Hollande won a big boost when former French president Jacques Chirac abandoned Sarkozy, who once served under him, and threw his support behind Hollande. Chirac, a towering conservative figure in France, rarely makes public appearances as he struggles with Alzheimer's disease. However, one of his close associates, historian and writer Jean-Luc Barre, made headlines when he told Le Parisien in April that:
Jacques Chirac is true to himself when he says he will vote for François Hollande.
Former French prime minister and failed presidential candidate Lionel Jospin, who is popular with the rank-and-file in the Socialist Party, also supported Hollande. Jospin thinks so highly of Hollande that he told an interviewer that had he won the 2002 French presidential election:
I had the idea of making him a minister...or more.
French voters elected Hollande because of his policies, but his sense of humor probably helped as well. French stand-up comedian and film actor Gerhard Proust said of Hollande's wit:
He's very good. I even kept an article of his in my notes because it was so funny. And he's the only politician who writes his own lines...You look at me and you say 'this guy will never make me laugh.' It's the same with Francois Hollande. But that's a good thing, because people are more easily surprised.
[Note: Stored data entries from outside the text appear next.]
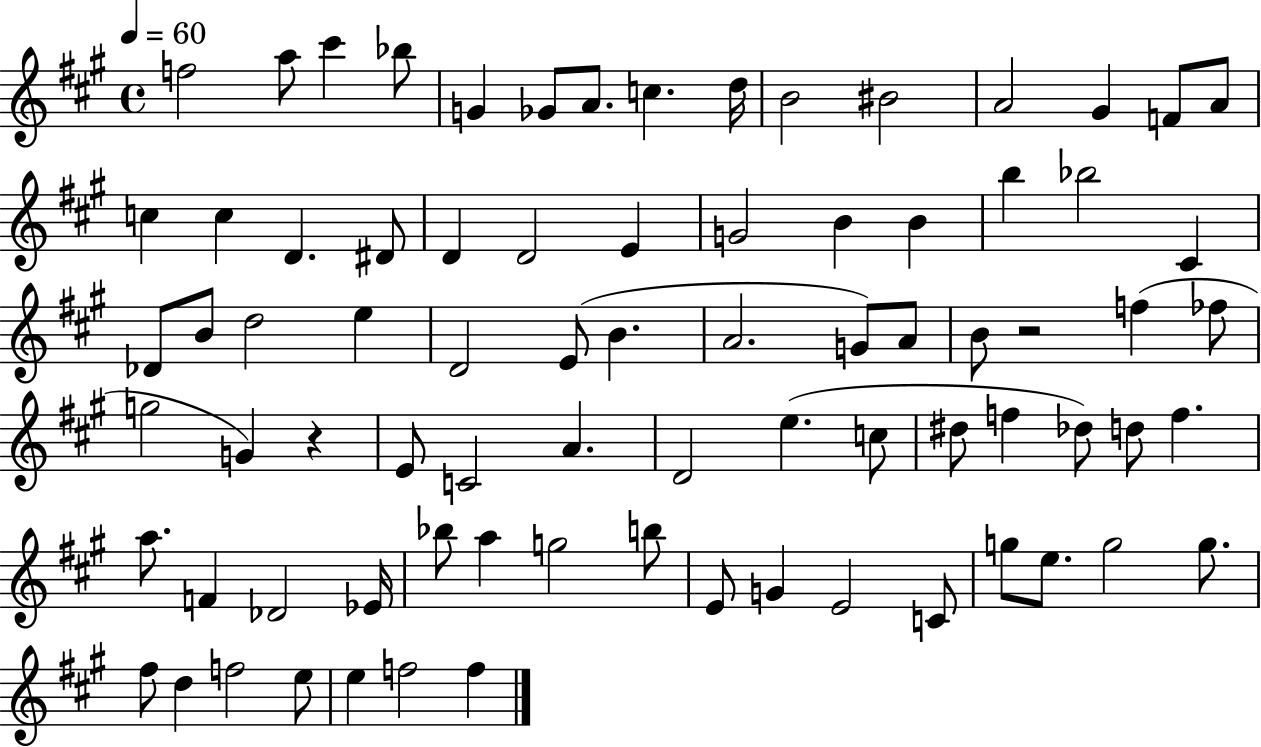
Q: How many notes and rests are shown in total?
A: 79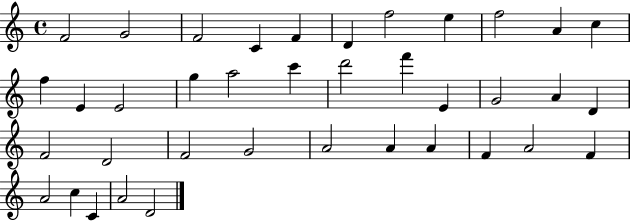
F4/h G4/h F4/h C4/q F4/q D4/q F5/h E5/q F5/h A4/q C5/q F5/q E4/q E4/h G5/q A5/h C6/q D6/h F6/q E4/q G4/h A4/q D4/q F4/h D4/h F4/h G4/h A4/h A4/q A4/q F4/q A4/h F4/q A4/h C5/q C4/q A4/h D4/h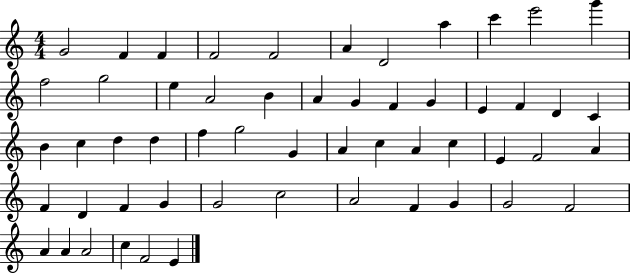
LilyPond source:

{
  \clef treble
  \numericTimeSignature
  \time 4/4
  \key c \major
  g'2 f'4 f'4 | f'2 f'2 | a'4 d'2 a''4 | c'''4 e'''2 g'''4 | \break f''2 g''2 | e''4 a'2 b'4 | a'4 g'4 f'4 g'4 | e'4 f'4 d'4 c'4 | \break b'4 c''4 d''4 d''4 | f''4 g''2 g'4 | a'4 c''4 a'4 c''4 | e'4 f'2 a'4 | \break f'4 d'4 f'4 g'4 | g'2 c''2 | a'2 f'4 g'4 | g'2 f'2 | \break a'4 a'4 a'2 | c''4 f'2 e'4 | \bar "|."
}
Hollande's weight may have even been a positive. Hollande wants to repeal many of the austerity measures that Sarkozy imposed. French commentator Christian Salmon observed that was an appropriate position for Holland to take because: "You can't preach austerity with a double chin".
What Critics Say. Some of Hollande's critics call him "dangerous." Others dismiss him as "Flanby," a kind of caramel custard, because he "cultivates blandness." Hollande's perceived softness will hurt him going forward, says Marie-Eve Malouines, political editor for French Info radio:
In France we like our presidents tough. François Hollande thinks that now, because of the economic crisis, the French might want a different sort of leader. He thinks people want to pull together around a president who is kind.
During the campaign, far-left challenger Jean-Luc Mélenchon called Hollande a "captain of a pedalo in a storm." (A pedalo is a small paddle boat.) In the late 1980s, Sarkozy "once likened [Hollande] to a sugar cube, arguing he 'dissolves in water.'"
The Economist, which endorsed Sarkozy back in 2007, calls Hollande "rather dangerous":
It seems very optimistic to presume that somehow, despite what he has said, despite even what he intends, Mr. Hollande will end up doing the right thing. Mr. Hollande evinces a deep anti-business attitude. He will also be hamstrung by his own unreformed Socialist Party and steered by an electorate that has not yet heard the case for reform, least of all from him. Nothing in the past few months, or in his long career as a party fixer, suggests that Mr. Hollande is brave enough to rip up his manifesto and change France.
Perhaps the sharpest dig at Hollande came from his former partner and the mother of his four children, Ségolène Royal. During the primaries, she asked a startling question:
Can the French people name a single thing he has achieved in thirty years in politics?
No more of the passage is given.